An 18-month hiatus followed; Issue 20 was not published until August 1989. During that time, Casani moved on, and Dick Spehalski became the new project manager (and author of the newsletters' mission updates). The spacecraft was taken apart, re-tested, re-integrated, and shipped to Florida. Magellan had successfully launched, paving the way for Galileo and then Ulysses to launch from shuttles.
Finally, on October 17, 1989, Galileo departed Earth at last, as reported in Issue 21. Just a day before, a magnitude 7.1 earthquake struck near the Inertial Upper stage control center in Sunnyvale, California, but "The crew recovered as the night progressed and JPL was receiving the required data as launch neared." When Atlantis finally lifted off, Spehalski said, "The emotions present within each of us at such an event defy description."
Watch the launch of Atlantis and deployment of Galileo:
Many on the team were probably wishing that, now that Galileo was finally in space, the mission would leave its tortured past behind. They could have had no inkling of the challenges that the mission had yet to face. But I'll leave the next part of the Galileo story for another day.
Again, I'm very grateful to Patrick Wiggins for scanning these for me!
Galileo was launching toward an incredible multi-planet, multi-asteroid, multi-moon journey. So I'm kind of puzzled about something. At the time of the launch, I was 14, a confirmed science geek, taking honors chemistry, and spending most of my after-school hours outside of volleyball season hanging around in the science wing of my high school. My family watched public television science shows whenever they were on; the TV was almost always tuned to PBS during dinner. But I have absolutely no memory of noting the launches of Magellan, Galileo, or Ulysses. I do have a vague memory of being excited about the Voyager flyby of Neptune, possibly when the images were published in National Geographic or Discover or some other magazine. But the idea of space missions as journeys, as adventures, had not yet been transmitted to me.

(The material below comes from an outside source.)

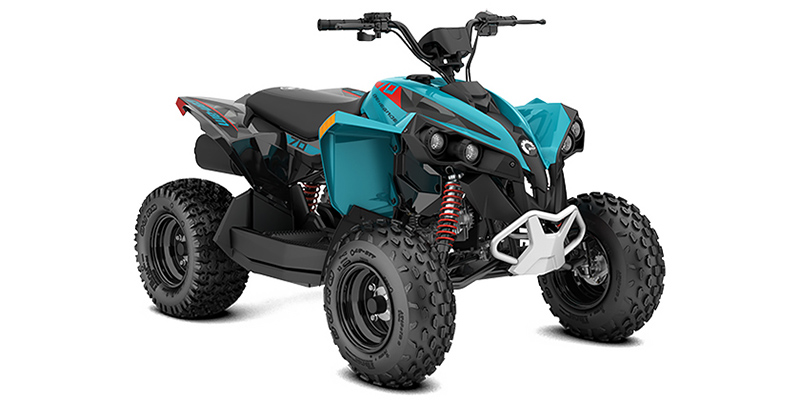 2026 Can-Am™ Renegade 70 EFI at Shift Digital - Website Access - Metric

These newsletters certainly chronicled that adventure, but they were not directed at the public, at least not initially. They were explicitly for the team and their families, although "other interested parties" could write to JPL to subscribe. Today, NASA and JPL are much better at presenting these missions to the public as the adventures they are, though perhaps at a cost in terms of technical detail.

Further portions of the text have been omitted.